Attorney’s Fees For Your Divorce
The judge may award attorney’s fees when one spouse needs them and the other spouse can pay them. You are expected to use existing funds to finance your litigation. Don’t expect an award of attorney’s fees when community property is available, such as savings accounts. The court usually considers requests that attorney’s fees be paid by your spouse, or out of community property, at the end of the case.
The fundamentally fair concept that the “playing field should be level” in divorce litigation and that both spouses are entitled to a relatively equal opportunity to litigate important issues in an appropriate manner has gained considerable following. If you don’t have access to any funds and your spouse does, the court should order your spouse to pay a reasonable amount in advance so you can protect your interests and prepare for trial.
You may find yourself in the common position of having complex issues and a meager litigation budget. Look carefully at what is at risk and the cost of pursing your rights. Borrow money if needed and you don’t fit neatly into one of the first two categories.
Ask for attorney’s fees and costs whenever your spouse’s refusal to consider your attempt to settle an issue forces you to go to court. Don’t ever expect to get a free ride by having all your expenses paid. However, if you’ve tried to work things out and your spouse is playing hardball with you, the court may award you a substantial portion of your fees and costs. The court will see this as fair to you and encouragement to your spouse to try a little harder to avoid taking up the court’s time.
The more forcefully you can convince the court that the issue should have been resolved out of court, the greater the chance you will recover all your fees and costs. You’re not required to show need when requesting fees for unreasonable conduct. You can’t lose by raising the request now, because you’re also laying the foundation for an eventual, larger award. If your spouse continues to be unreasonable, you continue to set the stage for larger and larger awards.
Note that attorney’s fees paid for obtaining a spousal support order, or for collecting support, are tax deductible. Ask your attorney to allocate charges to this tax-deductible item on each statement if this is not already being done.
Your spouse no longer has veto power over you!
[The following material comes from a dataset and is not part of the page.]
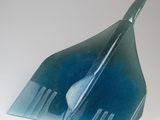 a blue glass sculpture of a plane on a white surface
Helen, Fran and June couldn’t believe it after years of being dominated. No, they didn’t turn into unleashed monsters as a result. Each simply got what they were entitled to: a reasonable spousal support order over the exasperated objections of their respective spouse. Don’t forget that the longer you struggle by on an insufficient amount, the greater the chance that your spouse will be able to convince the court that’s all you need.
You have assisted your attorney with the preparation of your temporary support request. Previously, you developed the household budget and other financial information outlined in Chapter Seven. Now, you also have to help prepare a short, sworn statement telling the court about the special facts of your case. You’ll have to review this declaration, together with your income and expense information, to verify the accuracy before you sign them under oath and file them with the court.
Whoops! You’re not finished. Your spouse files opposition papers, trying to convince the court you’re all wet or that you’re asking for too much. These papers will not be available until less than a week before the hearing. Review them carefully as soon as you get them. Your attorney must prepare to rebut your spouse’s factual arguments, either by filing a rebuttal with the court or bringing out "the true facts" at the hearing itself.